What is a holding company?
A holding company is a business entity, usually a corporation or an LLC, that holds a controlling share of stock or assets in a company. Holding companies typically do not sell goods or services, manufacture any products or parts, nor perform other business functions. The main purpose of a holding company is to act as a parent company to another business and hold majority shares. This ownership allows the holding companies to have decision making power in the businesses structure, including the power to buy and sell their shares to generate income as well as being able to sell or dissolve the business.
What is the purpose of a holding company?
Holding companies are set up to be the controlling interest of another company. They only have to own enough stocks or assets to have final say in major company decisions. This can be 51% ownership, though a holding company can also own real estate property, intellectual property and trademarks, patents, and any other asset.
Many companies choose to form their own holding companies or merge with existing ones to limit their liability, open up access to capital and borrowing, and diversify their scope of business. By separating parts of your business into a holding company and its subsidiaries, it can allow your business to grow and innovate.
Different types of holding companies
Because so many different business models can benefit from using a holding company, there are different types available. Depending on the size and functions of your company, you’ll want to know all your options before deciding upon one.
- Pure: Pure holding companies are the simplest of the bunch as they are formed with the sole purpose of holding the majority share of a company. They typically do not perform any other function than to hold this ownership and keep it separate from its subsidiaries.
- Mixed: A mixed holding company (also known as holding-operating company) not only owns the controlling share in another company, but it also performs its own business functions and operations.
- Immediate: An immediate holding company is also a subsidiary of another holding company, yet still holds a controlling share in its subsidiary’s stock, but is overseen by another parent company.
- Intermediate: Like an immediate company, an intermediate holding company acts as both a subsidiary of a larger holding company, and the parent company and interest holder of a smaller subsidiary.

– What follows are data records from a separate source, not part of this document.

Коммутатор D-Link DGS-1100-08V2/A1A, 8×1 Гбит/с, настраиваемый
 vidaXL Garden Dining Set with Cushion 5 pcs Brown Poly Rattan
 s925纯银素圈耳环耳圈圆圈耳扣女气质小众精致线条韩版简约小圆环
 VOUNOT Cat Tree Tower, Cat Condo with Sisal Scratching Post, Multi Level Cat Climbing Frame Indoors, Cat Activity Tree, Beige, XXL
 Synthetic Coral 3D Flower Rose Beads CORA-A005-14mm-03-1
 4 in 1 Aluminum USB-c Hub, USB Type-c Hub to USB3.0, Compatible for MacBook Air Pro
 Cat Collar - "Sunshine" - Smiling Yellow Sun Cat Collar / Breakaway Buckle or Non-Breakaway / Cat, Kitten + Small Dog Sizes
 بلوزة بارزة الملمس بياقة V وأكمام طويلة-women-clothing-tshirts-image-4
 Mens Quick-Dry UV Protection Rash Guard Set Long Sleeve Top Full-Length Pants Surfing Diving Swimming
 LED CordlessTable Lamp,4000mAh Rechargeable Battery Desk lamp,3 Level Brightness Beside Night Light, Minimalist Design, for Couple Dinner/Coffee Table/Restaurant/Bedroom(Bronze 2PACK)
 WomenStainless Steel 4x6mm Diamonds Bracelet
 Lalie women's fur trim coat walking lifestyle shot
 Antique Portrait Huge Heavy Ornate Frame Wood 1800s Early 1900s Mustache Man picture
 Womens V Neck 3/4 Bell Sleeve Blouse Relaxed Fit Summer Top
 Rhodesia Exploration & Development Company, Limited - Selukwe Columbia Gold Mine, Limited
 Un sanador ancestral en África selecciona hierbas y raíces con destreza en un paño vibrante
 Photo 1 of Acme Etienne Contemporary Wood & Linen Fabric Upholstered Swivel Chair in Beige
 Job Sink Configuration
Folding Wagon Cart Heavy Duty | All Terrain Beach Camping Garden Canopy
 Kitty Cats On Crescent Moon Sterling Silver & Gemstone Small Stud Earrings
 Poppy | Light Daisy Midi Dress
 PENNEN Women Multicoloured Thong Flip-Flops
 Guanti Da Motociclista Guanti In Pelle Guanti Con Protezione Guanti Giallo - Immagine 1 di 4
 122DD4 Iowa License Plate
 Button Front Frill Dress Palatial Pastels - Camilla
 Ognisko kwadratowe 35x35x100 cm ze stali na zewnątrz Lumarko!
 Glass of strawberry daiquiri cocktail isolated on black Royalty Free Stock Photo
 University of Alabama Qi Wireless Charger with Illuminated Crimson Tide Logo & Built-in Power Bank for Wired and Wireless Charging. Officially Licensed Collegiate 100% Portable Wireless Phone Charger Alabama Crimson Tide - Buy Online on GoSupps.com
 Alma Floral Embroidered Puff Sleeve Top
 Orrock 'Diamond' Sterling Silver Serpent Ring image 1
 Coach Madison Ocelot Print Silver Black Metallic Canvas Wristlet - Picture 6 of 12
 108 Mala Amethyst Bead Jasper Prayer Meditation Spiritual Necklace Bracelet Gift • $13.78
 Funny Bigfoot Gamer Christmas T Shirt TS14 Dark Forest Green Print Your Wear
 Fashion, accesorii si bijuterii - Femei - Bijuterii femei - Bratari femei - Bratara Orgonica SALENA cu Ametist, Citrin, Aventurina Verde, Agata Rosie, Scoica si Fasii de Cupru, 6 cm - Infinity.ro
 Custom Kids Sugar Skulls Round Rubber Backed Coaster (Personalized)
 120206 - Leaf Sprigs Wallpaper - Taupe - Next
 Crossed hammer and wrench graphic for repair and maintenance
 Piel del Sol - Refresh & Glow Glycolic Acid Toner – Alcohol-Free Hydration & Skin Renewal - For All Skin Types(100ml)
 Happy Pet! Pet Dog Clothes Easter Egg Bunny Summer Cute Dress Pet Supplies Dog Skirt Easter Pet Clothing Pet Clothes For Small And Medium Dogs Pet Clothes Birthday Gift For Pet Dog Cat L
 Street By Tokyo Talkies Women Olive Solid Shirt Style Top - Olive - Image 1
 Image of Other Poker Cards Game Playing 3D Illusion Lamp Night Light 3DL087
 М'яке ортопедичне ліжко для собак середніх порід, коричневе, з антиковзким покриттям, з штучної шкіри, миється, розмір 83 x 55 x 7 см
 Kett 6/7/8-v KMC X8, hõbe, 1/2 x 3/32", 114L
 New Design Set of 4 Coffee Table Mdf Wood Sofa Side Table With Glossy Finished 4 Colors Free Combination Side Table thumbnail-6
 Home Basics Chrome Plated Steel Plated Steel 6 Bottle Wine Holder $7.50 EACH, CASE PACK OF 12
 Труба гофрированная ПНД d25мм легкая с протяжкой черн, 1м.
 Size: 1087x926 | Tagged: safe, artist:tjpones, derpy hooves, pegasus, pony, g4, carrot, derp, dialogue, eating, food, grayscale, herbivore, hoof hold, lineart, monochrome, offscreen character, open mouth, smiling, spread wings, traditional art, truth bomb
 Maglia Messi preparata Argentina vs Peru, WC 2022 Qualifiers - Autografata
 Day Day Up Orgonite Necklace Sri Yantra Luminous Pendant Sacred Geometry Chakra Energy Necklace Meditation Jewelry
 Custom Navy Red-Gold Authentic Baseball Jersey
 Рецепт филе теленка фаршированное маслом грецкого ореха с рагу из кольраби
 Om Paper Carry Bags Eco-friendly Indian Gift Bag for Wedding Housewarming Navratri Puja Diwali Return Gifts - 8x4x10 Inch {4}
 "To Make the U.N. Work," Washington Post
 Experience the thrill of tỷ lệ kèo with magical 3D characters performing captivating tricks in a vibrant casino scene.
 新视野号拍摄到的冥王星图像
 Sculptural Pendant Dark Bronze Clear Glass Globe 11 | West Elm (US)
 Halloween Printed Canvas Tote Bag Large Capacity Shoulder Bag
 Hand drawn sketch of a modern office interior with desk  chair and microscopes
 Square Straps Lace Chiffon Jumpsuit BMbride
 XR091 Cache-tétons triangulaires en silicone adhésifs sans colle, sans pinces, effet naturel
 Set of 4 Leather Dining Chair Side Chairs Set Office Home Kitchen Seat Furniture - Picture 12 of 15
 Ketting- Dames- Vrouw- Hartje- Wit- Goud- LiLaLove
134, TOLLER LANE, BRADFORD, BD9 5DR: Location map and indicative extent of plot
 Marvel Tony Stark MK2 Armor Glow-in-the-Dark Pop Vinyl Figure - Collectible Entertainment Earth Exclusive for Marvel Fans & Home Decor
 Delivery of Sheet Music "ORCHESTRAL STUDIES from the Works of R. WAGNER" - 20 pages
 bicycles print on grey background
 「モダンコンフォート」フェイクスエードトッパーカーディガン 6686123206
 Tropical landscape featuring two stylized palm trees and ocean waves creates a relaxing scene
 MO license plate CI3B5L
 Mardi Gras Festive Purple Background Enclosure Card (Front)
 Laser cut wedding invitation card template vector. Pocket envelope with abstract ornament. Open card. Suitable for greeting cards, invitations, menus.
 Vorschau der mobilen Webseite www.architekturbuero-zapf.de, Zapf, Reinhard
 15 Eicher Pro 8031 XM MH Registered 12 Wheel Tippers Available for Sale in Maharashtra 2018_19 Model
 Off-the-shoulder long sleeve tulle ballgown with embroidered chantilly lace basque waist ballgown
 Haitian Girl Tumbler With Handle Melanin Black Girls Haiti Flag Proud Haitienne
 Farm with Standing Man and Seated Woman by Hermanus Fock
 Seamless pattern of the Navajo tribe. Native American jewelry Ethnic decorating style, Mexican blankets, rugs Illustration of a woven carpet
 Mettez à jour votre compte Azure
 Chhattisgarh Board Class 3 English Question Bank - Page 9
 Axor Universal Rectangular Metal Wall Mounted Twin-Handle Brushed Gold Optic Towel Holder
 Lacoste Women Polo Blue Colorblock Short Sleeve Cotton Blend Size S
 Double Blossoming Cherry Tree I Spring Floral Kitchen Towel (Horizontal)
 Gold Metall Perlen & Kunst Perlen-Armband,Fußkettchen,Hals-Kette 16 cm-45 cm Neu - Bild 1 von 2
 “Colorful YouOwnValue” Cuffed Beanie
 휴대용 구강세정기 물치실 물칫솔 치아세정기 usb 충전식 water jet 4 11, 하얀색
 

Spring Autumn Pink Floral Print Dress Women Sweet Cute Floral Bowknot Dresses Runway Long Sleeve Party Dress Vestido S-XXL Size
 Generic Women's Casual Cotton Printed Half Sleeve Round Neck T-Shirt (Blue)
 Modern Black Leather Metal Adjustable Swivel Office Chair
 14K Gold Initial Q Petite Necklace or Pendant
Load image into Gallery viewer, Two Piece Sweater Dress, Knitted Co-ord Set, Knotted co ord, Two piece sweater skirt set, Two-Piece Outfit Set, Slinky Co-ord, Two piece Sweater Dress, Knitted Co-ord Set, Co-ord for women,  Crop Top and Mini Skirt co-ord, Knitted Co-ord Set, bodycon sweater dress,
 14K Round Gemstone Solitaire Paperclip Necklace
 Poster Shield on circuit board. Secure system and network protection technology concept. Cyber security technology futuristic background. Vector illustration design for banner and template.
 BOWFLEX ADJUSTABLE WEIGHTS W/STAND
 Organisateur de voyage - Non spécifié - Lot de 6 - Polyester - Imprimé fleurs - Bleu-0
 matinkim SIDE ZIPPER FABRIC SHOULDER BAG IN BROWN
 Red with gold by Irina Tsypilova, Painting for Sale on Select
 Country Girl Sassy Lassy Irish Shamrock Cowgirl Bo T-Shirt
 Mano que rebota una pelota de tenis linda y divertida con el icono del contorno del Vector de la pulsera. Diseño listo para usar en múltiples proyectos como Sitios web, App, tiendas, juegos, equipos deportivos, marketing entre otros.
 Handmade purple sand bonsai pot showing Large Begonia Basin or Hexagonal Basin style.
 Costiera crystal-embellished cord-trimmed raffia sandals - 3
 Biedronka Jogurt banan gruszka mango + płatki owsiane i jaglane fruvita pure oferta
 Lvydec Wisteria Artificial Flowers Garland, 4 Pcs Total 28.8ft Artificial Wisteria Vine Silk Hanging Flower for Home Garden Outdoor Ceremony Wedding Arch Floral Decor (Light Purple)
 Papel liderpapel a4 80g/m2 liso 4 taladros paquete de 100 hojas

Advantages of holding companies
Though holding companies are most often seen with larger companies, even smaller businesses can benefit from teaming up with a holding company or forming their own.
One major draw of using a holding company is the liability protection it offers. Many larger businesses who have multiple divisions may choose to form one holding company, then split up the remaining divisions into subsidiaries under it. This is why holding companies are sometimes called “umbrella companies.” This allows the subsidiaries to operate on their own and if they are subject to loss or litigation, only that subsidiary can be held liable, not the larger holding company or other subsidiaries.
Control Assets for Less Money
Because holding companies only have to own the controlling share of the companies they parent, they are able to control the operations and assets of its subsidiaries while only owning 51% of the stock.
Lower Debt Financing Costs
Businesses that use holding companies are able to leverage the power of this to their advantage when seeking financing. Oftentimes smaller businesses may not be able to qualify for the terms or amounts that a larger company can. The holding company can back the smaller subsidiary and use what’s called a downstream guarantee to obtain better financing for them.
Disadvantages of holding companies
Setting up and using a holding company is definitely a more complex business model than a simple corporation or LLC. Also, while the holding company does not participate in the day to day operations, it can make decisions about its lower subsidiaries that can be very consequential like selling or dissolving the company.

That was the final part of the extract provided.